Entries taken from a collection
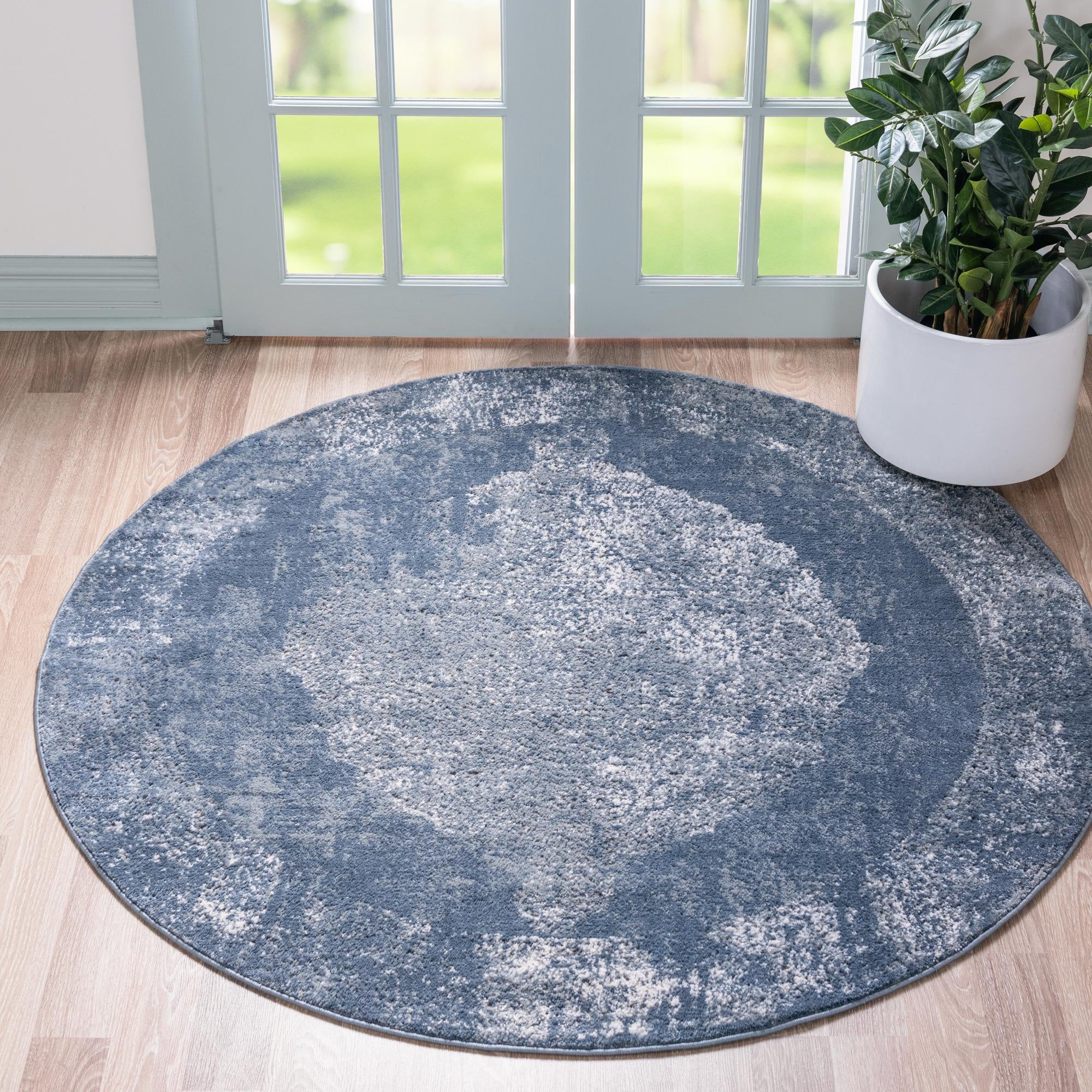 Oregon Rug Blue Rugs.com Oregon Collection Rug – 3 Ft Round Blue Low-Pile Rug Perfect ...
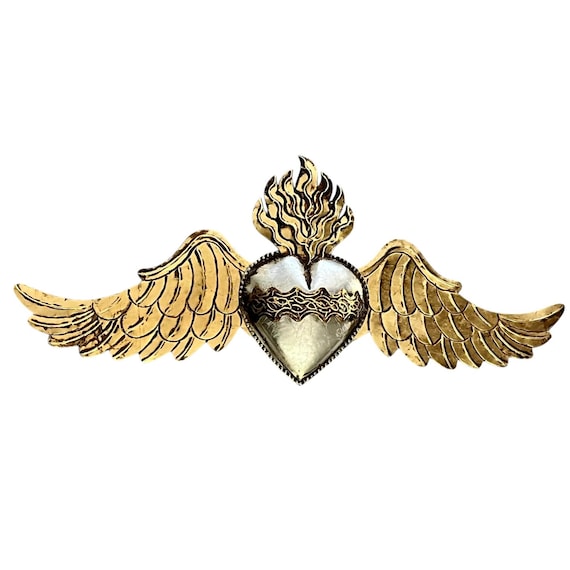 HEART with WINGS, Tin Winged Heart, Mexican Corazon LARGE 26”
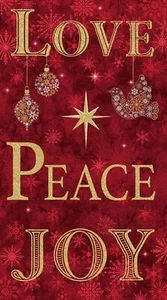 Fabric Panels Quilting Red Gold Metallic Christmas Joy 24"x43" inch 100% Cotton  - Picture 1 of 4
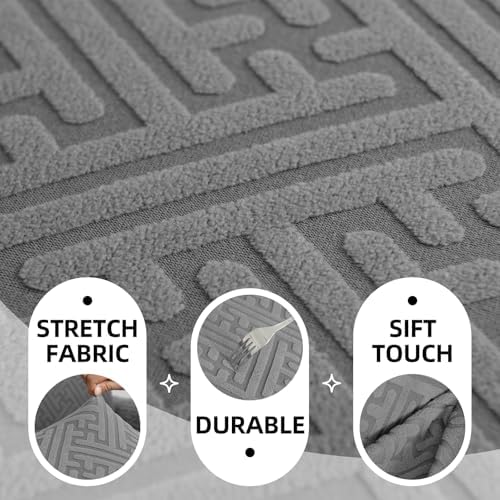 Stretch L Shape Sofa Cover for Sectional Pet Friendly Washable Gray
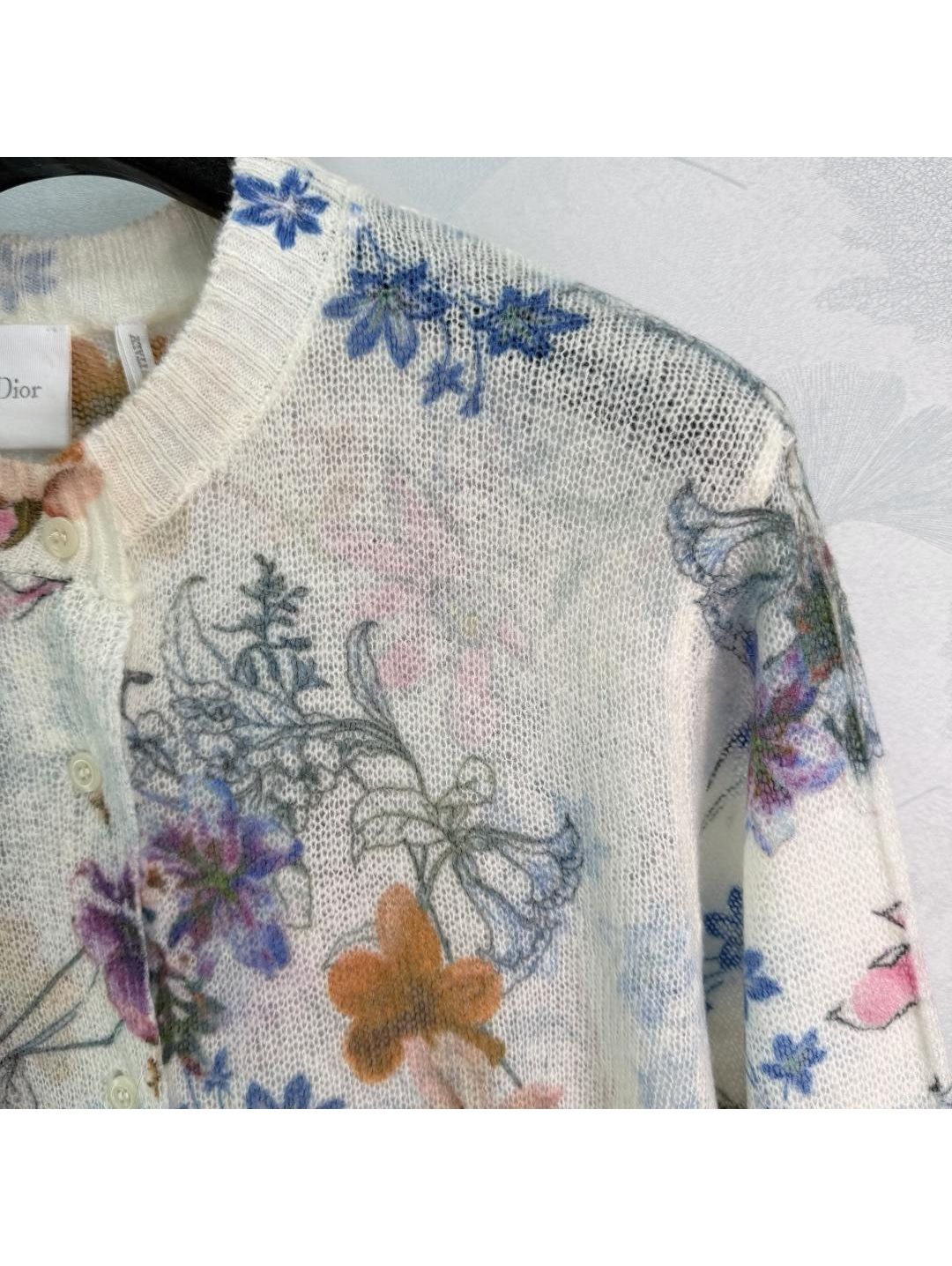 Dior Crew Neck Ribbed Knit Cardigan in Multicolor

REQUIREMENT =>
Only the lines from the one containing "HEART with WINGS, Tin" through the last line of the records above should be repeated, exactly and without pictures.

RESULT OF THE TASK =>
 HEART with WINGS, Tin Winged Heart, Mexican Corazon LARGE 26”
 Fabric Panels Quilting Red Gold Metallic Christmas Joy 24"x43" inch 100% Cotton  - Picture 1 of 4
 Stretch L Shape Sofa Cover for Sectional Pet Friendly Washable Gray
 Dior Crew Neck Ribbed Knit Cardigan in Multicolor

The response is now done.